● Your assignment:
Transcribe only the lines of the listing below from the one holding "Đồng chí Quan" through the one holding "Gold plated Chihuahua", inclusive, without any change.

● Data to use:
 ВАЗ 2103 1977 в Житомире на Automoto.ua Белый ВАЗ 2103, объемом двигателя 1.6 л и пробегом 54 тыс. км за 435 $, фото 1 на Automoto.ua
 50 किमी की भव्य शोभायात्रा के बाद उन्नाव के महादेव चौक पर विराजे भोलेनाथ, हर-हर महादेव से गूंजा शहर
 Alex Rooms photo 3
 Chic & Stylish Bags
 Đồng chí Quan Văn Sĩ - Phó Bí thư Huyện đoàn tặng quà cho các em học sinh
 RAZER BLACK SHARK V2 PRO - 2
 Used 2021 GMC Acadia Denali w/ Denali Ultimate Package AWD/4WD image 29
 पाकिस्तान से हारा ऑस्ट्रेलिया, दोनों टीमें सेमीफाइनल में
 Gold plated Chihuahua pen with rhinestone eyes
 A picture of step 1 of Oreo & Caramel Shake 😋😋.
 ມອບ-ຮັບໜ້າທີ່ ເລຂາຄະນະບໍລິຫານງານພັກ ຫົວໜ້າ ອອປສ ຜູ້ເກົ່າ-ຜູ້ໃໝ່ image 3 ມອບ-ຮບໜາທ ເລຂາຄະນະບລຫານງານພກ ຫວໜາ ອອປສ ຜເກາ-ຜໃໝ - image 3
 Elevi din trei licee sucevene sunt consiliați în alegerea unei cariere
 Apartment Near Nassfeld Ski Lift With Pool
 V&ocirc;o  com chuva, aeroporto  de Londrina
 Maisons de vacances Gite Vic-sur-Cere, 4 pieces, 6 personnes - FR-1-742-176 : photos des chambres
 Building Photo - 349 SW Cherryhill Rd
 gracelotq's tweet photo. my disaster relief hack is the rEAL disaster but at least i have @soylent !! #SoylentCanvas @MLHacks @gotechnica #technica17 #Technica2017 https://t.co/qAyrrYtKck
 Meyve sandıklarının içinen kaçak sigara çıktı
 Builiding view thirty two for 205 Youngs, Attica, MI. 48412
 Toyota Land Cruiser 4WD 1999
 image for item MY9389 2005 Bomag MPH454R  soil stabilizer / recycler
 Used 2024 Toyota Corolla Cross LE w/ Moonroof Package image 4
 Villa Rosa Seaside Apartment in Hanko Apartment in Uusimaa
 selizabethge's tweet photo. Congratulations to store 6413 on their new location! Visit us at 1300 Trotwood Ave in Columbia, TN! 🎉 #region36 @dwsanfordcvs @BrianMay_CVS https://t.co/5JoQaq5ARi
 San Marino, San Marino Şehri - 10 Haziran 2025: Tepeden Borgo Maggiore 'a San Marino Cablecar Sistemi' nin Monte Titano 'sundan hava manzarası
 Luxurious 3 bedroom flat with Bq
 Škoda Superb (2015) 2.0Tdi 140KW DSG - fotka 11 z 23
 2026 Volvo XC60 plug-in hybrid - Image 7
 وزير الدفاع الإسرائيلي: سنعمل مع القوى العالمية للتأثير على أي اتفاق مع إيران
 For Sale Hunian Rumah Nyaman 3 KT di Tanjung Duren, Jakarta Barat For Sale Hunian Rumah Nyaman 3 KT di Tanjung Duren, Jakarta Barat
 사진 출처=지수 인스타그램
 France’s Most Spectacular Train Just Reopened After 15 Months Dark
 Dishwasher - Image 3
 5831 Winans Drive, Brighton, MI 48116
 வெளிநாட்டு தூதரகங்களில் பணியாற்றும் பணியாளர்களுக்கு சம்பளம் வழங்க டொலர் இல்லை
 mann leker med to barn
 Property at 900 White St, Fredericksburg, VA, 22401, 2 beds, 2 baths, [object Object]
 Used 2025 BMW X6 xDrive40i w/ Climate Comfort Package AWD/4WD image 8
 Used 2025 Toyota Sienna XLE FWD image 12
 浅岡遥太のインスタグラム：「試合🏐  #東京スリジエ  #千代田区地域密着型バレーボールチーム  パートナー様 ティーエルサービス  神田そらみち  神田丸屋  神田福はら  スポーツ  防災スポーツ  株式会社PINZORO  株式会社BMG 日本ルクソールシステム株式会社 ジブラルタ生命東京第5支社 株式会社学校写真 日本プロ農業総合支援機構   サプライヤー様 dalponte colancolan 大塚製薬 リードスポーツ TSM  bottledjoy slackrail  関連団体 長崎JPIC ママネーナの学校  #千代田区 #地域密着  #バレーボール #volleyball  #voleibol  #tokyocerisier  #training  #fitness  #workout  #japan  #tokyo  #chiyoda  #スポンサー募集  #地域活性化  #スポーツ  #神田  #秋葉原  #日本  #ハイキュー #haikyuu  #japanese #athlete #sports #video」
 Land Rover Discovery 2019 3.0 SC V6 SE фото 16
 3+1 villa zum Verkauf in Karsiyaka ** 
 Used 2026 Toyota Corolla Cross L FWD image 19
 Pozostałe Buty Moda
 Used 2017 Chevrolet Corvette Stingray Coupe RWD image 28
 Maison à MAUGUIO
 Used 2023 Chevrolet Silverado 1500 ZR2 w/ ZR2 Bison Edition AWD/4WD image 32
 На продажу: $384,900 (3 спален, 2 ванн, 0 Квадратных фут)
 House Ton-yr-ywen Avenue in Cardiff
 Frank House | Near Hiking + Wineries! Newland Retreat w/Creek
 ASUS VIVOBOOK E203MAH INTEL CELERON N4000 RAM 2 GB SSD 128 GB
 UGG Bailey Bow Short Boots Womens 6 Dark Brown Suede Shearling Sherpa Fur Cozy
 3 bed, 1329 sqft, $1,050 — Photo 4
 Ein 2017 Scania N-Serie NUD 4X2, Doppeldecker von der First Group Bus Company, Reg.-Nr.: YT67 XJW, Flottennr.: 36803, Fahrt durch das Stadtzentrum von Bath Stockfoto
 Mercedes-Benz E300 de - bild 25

● Written reply:
 Đồng chí Quan Văn Sĩ - Phó Bí thư Huyện đoàn tặng quà cho các em học sinh
 RAZER BLACK SHARK V2 PRO - 2
 Used 2021 GMC Acadia Denali w/ Denali Ultimate Package AWD/4WD image 29
 पाकिस्तान से हारा ऑस्ट्रेलिया, दोनों टीमें सेमीफाइनल में
 Gold plated Chihuahua pen with rhinestone eyes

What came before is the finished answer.